Ah, Morocco. Sounds romantic, yes? Makes you think of spice markets, glistening apricots and dates, steamy cups of floral tea…
And I’m sure there are places in Morocco like that–there have to be, right? But the day I spent in Tangier didn’t offer the same experience.
When I was in high school, my parents took me to the coast of Spain (yeah, I’m spoiled). My father, the man with endless wanderlust, was enchanted with the idea of taking the hydrofoil over to Morocco for a day. I wasn’t so sure about that little detour, but a girl lucky enough to be in Spain doesn’t complain.
With my typical vacationing luck, I’d contracted a nasty sinus infection the day before we flew to Spanish shores, so I hacked all over the hydrofoil, garnering venomous stares from anyone in my vicinity.
When we disembarked, I was struck by two things: the blazing heat and the sense of suffocation. We were engulfed in colors, fabrics, beads, copper pots, rugs. Beggars tugged on my dress, my arms, my hands. We were literally awash in a tide of desperate people, all with something to sell–shouting, yelling, banging on drums.
For someone who loves nothing more than a book, a big chair and a quiet room, this was kinda traumatic. I remember hunching into myself, trying to shrink so that nobody would accost me, holding my hands over my ears to block out the catcalls and music. I’d been in some bustling markets before, where the sellers aggressively pitched their wares–markets in Mexico and Chinatown–but this was a market on steroids. I struggled for breath, sucking in gasps of hot, dusty air.

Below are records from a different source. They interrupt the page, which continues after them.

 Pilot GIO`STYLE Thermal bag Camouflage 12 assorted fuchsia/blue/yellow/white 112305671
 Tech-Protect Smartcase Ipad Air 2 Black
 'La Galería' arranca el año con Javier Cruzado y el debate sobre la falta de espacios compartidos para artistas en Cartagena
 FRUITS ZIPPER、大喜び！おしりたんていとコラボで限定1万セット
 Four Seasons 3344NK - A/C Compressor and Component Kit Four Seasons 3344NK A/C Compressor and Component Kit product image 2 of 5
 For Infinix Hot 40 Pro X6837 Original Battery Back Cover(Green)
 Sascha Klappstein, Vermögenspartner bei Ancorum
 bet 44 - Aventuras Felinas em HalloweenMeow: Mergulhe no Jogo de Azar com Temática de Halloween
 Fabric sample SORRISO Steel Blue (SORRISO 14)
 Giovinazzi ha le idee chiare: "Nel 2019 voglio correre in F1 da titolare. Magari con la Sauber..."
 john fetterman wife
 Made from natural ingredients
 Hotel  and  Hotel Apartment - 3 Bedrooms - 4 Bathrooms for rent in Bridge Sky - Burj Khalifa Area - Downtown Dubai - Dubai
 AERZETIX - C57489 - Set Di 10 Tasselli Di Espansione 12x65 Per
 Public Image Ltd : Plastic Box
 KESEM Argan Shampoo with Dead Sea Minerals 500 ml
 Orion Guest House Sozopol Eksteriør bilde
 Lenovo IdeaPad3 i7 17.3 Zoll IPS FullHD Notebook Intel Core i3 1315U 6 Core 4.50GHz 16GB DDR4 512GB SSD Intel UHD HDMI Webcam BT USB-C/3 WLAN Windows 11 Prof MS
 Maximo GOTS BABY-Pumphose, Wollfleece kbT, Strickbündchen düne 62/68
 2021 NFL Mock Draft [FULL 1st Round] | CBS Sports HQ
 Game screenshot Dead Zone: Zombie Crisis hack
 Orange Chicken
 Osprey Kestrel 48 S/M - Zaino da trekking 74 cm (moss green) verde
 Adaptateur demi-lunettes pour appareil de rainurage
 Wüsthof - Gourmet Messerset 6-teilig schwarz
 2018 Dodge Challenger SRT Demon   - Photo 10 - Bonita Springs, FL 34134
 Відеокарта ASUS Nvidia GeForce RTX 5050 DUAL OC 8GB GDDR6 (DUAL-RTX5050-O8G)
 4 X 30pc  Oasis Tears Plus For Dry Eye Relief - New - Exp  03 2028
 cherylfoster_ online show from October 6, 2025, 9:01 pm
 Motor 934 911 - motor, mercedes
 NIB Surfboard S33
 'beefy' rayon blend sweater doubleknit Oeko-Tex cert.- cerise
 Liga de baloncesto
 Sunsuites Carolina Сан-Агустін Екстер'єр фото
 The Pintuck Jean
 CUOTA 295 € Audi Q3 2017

Eventually, the initial crush of peddlers thinned out, so I could actually regain my breath and see the marketplace itself. There were huge bins of whole spices, sacks of saffron and couscous, tea leaves baking in the sun, and those mounds of dates–they were everywhere. They were also…moving. I had to stop a minute and blink repeatedly, wondering if the antibiotics and the close quarters were inducing a Timothy Leary moment.
Blink. Blink. Nope. Not hallucinating. Those bins of dates were still moving. And then a hand with a huge fan in it swooped down and hundreds of flies took flight. Bile churning in my gut, I turned away to look at something else and my gaze landed on a stand with dozens of slaughtered chickens hanging upside down. Not good for the old nausea.
Then our tour guide cheerfully took us to lunch.
The restaurant looked clean enough, but my mother and I feasted on bottled water and watched, in horror, as my father tucked into his couscous and tagine. “What?” he said, as we gawked. “What’s the matter with you?” We shrugged sheepishly and focused on the portly belly dancers, who were enthusiastically shakin’ their bacon.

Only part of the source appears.